Alma Stone Williams (April 26, 1921 - November 5, 2013) was a musician, educator, music scholar, and pioneer in racial integration. Williams attended the 1944 Summer Music Institute. She was the first African-American student to be enrolled at Black Mountain College and the first black student to openly integrate a Southern white college.

==Education==
Alma Stone Williams was highly educated. She attended Spelman College at the age of 15, majoring in English and music, and graduating valedictorian. Afterwards, she received her M.A. degree in English from Atlanta University. Williams began her teaching career at Penn School on St. Helena Island in South Carolina. Afterwards, educator Horace Mann Bond hired Williams to teach at Fort Valley State College; furthermore, he nominated her to attend Black Mountain College in the summer of 1944. In the spring of 1944, Mrs. Williams received her first scholarship from the Rosenwald Fund to make her attendance at Black Mountain possible.

In 1944, Williams became the first black student at Black Mountain College, ten years before the United States Supreme Court's decision in Brown v. Board of Education of Topeka declaring state laws establishing separate public schools for black and white students to be unconstitutional.
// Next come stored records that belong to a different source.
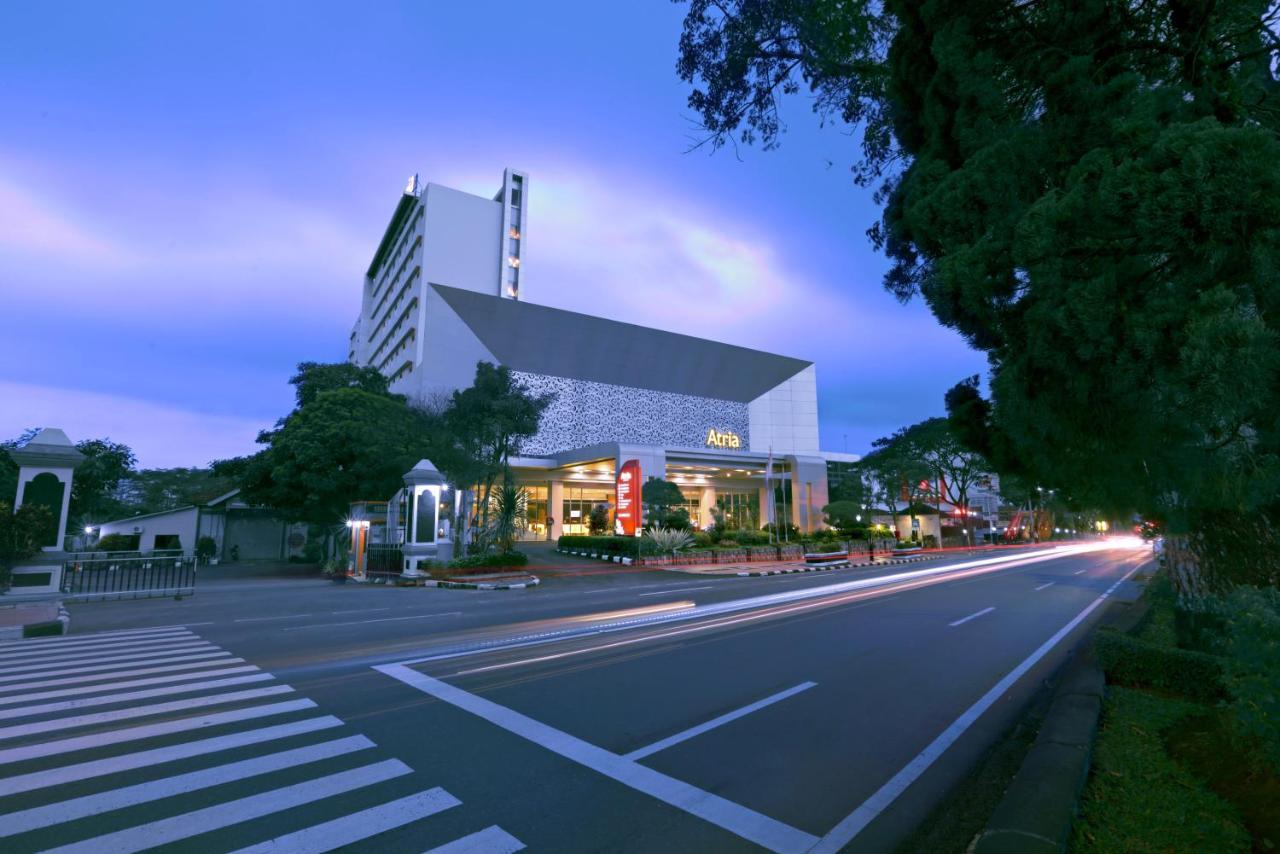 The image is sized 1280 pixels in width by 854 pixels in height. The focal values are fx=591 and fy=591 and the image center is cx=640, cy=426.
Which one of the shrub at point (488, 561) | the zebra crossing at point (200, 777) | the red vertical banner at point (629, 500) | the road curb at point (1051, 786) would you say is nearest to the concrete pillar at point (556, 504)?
the red vertical banner at point (629, 500)

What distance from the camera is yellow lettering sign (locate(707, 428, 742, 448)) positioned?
54438 mm

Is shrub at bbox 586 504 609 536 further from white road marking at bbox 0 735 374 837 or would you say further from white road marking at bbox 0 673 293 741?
white road marking at bbox 0 735 374 837

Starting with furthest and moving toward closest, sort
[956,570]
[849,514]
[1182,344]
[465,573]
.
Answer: [849,514], [956,570], [465,573], [1182,344]

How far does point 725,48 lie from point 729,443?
159 ft

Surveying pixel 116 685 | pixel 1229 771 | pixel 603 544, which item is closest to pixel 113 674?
pixel 116 685

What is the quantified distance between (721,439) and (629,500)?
1086 inches

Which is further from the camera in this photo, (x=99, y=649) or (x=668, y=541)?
(x=668, y=541)

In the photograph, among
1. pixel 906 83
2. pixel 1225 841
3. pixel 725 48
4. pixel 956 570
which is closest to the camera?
pixel 1225 841

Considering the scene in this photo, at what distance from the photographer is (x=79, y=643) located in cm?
950

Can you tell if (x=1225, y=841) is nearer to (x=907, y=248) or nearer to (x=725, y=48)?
(x=907, y=248)

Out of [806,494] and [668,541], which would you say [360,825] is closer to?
[668,541]

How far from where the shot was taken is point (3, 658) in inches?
327

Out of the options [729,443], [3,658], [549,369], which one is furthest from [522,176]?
[3,658]

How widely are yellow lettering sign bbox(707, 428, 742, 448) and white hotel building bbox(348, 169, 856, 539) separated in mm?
134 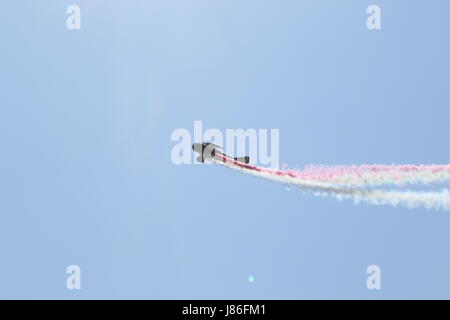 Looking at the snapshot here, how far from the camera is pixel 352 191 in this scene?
59125mm

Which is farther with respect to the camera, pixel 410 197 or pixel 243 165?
pixel 243 165

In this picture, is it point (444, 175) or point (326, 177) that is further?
point (326, 177)

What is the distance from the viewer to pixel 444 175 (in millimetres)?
56469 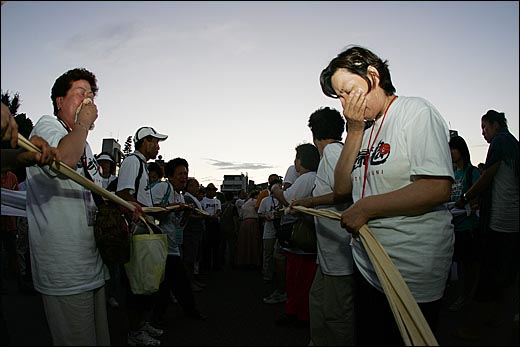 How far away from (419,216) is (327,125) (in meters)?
1.73

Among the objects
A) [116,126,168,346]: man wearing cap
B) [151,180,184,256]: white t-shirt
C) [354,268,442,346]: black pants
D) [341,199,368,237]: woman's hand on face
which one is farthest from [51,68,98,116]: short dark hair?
[151,180,184,256]: white t-shirt

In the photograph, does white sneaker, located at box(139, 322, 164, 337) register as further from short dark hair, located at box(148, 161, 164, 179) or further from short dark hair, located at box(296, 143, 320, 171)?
short dark hair, located at box(296, 143, 320, 171)

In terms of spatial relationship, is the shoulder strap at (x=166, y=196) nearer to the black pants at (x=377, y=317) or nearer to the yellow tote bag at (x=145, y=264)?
the yellow tote bag at (x=145, y=264)

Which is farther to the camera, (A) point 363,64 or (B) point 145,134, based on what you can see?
(B) point 145,134

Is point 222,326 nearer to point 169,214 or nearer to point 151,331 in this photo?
point 151,331

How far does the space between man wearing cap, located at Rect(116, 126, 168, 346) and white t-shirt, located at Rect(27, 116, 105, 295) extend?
5.62 ft

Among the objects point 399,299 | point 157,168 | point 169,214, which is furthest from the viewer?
point 157,168

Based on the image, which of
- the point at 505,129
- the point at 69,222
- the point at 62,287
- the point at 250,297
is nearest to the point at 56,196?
the point at 69,222

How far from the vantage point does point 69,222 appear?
2.00 meters

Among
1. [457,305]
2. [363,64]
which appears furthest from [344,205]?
[457,305]

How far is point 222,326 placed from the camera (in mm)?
5000

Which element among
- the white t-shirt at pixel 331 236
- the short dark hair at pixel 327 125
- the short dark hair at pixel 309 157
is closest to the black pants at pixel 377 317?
the white t-shirt at pixel 331 236

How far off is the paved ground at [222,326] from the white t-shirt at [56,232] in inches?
61.4

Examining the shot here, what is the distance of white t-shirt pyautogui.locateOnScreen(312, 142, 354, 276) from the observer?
282 cm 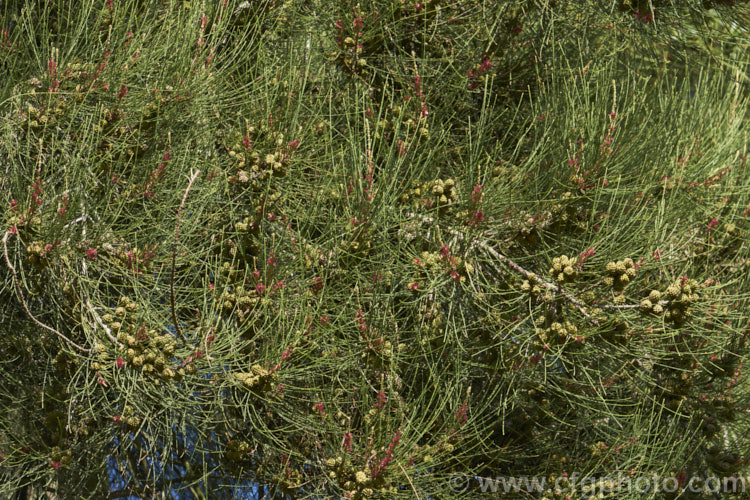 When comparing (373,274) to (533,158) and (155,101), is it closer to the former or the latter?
(533,158)

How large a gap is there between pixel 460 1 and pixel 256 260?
102 cm

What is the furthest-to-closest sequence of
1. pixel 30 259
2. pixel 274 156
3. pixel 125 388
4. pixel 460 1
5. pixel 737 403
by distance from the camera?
pixel 460 1 → pixel 737 403 → pixel 274 156 → pixel 125 388 → pixel 30 259

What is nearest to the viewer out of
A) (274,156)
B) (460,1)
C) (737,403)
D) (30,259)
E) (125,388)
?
Answer: (30,259)

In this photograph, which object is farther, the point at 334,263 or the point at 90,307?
the point at 334,263

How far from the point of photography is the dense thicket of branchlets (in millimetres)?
1658

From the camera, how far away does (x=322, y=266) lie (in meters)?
1.89

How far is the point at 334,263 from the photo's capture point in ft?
6.17

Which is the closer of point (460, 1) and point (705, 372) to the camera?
point (705, 372)

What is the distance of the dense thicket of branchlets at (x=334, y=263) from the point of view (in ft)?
5.44

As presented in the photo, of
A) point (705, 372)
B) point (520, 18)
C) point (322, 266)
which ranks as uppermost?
point (520, 18)

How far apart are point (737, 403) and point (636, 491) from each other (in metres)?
0.45

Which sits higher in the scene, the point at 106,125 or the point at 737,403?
the point at 106,125

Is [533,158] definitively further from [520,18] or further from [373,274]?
[520,18]

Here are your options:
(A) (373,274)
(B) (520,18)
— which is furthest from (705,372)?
(B) (520,18) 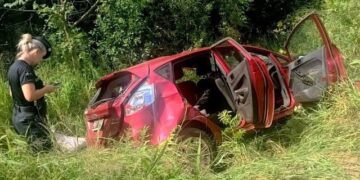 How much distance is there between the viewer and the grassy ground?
499cm

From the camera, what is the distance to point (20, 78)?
218 inches

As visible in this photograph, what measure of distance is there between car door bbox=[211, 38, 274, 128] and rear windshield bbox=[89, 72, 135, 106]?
1.11 metres

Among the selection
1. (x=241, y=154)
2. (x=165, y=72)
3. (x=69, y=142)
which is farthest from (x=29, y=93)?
(x=241, y=154)

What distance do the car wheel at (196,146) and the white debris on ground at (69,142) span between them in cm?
101

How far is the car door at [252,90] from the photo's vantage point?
625 cm

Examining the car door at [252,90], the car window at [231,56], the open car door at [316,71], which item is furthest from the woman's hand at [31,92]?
the open car door at [316,71]

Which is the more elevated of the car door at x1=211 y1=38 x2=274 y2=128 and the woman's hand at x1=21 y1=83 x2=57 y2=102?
the woman's hand at x1=21 y1=83 x2=57 y2=102

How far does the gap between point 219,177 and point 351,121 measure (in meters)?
2.06

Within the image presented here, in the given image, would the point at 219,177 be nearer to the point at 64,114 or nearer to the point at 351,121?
the point at 351,121

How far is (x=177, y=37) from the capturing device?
10.4 m

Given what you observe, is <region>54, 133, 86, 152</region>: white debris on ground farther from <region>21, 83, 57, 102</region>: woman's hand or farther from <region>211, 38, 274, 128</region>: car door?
<region>211, 38, 274, 128</region>: car door

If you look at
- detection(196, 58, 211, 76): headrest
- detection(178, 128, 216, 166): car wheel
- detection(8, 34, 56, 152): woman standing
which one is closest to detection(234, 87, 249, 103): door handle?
detection(178, 128, 216, 166): car wheel

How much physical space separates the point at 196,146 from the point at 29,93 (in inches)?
65.0

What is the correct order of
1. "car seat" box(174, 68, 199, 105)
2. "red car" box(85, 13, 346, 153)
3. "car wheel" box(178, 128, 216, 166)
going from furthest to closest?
"car seat" box(174, 68, 199, 105), "red car" box(85, 13, 346, 153), "car wheel" box(178, 128, 216, 166) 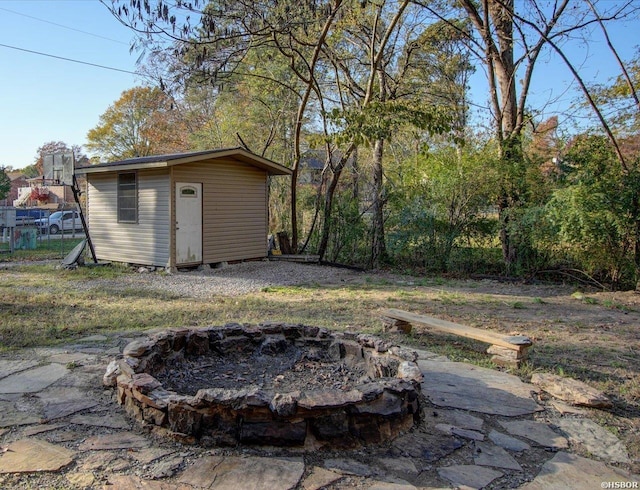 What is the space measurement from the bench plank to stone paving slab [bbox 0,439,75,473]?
10.8 ft

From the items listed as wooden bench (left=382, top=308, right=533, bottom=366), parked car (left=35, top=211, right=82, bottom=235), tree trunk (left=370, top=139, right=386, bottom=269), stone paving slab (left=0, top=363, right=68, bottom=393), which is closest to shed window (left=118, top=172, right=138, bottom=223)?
tree trunk (left=370, top=139, right=386, bottom=269)

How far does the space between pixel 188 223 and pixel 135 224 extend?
135 centimetres

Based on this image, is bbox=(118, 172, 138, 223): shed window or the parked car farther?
the parked car

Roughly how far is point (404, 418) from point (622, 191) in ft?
23.0

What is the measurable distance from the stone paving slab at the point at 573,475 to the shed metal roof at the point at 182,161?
8.73 meters

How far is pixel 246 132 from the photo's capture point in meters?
18.1

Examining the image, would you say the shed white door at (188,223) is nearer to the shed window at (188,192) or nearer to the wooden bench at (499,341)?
the shed window at (188,192)

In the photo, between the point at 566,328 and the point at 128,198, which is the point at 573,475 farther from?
the point at 128,198

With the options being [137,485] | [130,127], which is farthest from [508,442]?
[130,127]

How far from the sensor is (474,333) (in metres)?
4.37

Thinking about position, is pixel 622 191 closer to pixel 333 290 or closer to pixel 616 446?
Answer: pixel 333 290

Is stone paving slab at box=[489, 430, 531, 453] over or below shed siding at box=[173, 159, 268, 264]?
below

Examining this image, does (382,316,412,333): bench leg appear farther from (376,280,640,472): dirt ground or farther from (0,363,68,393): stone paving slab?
(0,363,68,393): stone paving slab

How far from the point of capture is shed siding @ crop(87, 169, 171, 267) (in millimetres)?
10227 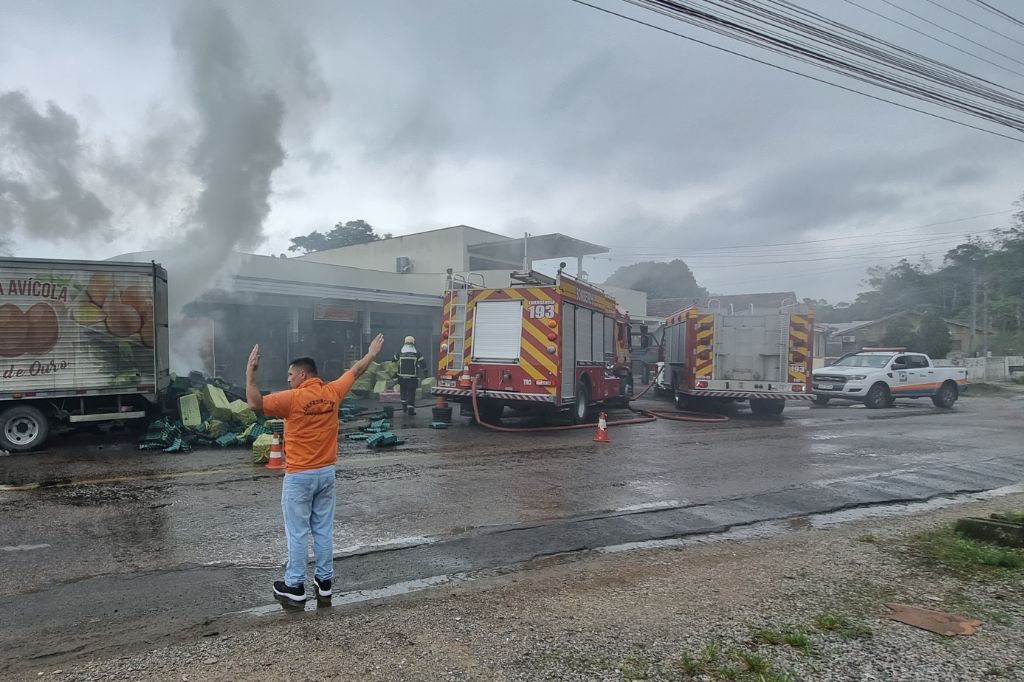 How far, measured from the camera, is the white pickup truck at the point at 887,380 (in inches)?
786

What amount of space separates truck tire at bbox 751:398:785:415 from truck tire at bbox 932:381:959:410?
6.77 meters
In a 2008 profile in the Asheville, North Carolina Urban News; Williams commented on her pioneering desegregation:

"Pioneering did not frighten me. I was accustomed to studying and living with white teachers at Spelman and to reaching for high standards in all areas."

In 1945, after attending Black Mountain College, Williams received a second Julius Rosenwald Fellowship to attend Juilliard in New York City. Later on, Williams received a second master's degree in musicology, from the University of Maryland, where she wrote an acclaimed master's thesis on Brahms.

==Career & retirement==
At Fort Valley State College, where she returned to teach, Williams married a professor, Russell Williams Sr. They eventually settled in Orangeburg, SC where he taught at South Carolina State, and she taught part-time at Claflin University and South Carolina State and gave private music lessons to many children. Her primary instrument was piano, although she also played organ. She taught piano and was also valued as an accompanist for singers. After her husband's early death, she took a full-time position in English at South Carolina State, while continuing to teach privately and raising their five children. The family later moved to Savannah, Georgia where Mrs. Williams joined the Humanities faculty at Savannah State. Alma Stone Williams retired with two decades experience as a highly respected professor of English and Humanities at Savannah State.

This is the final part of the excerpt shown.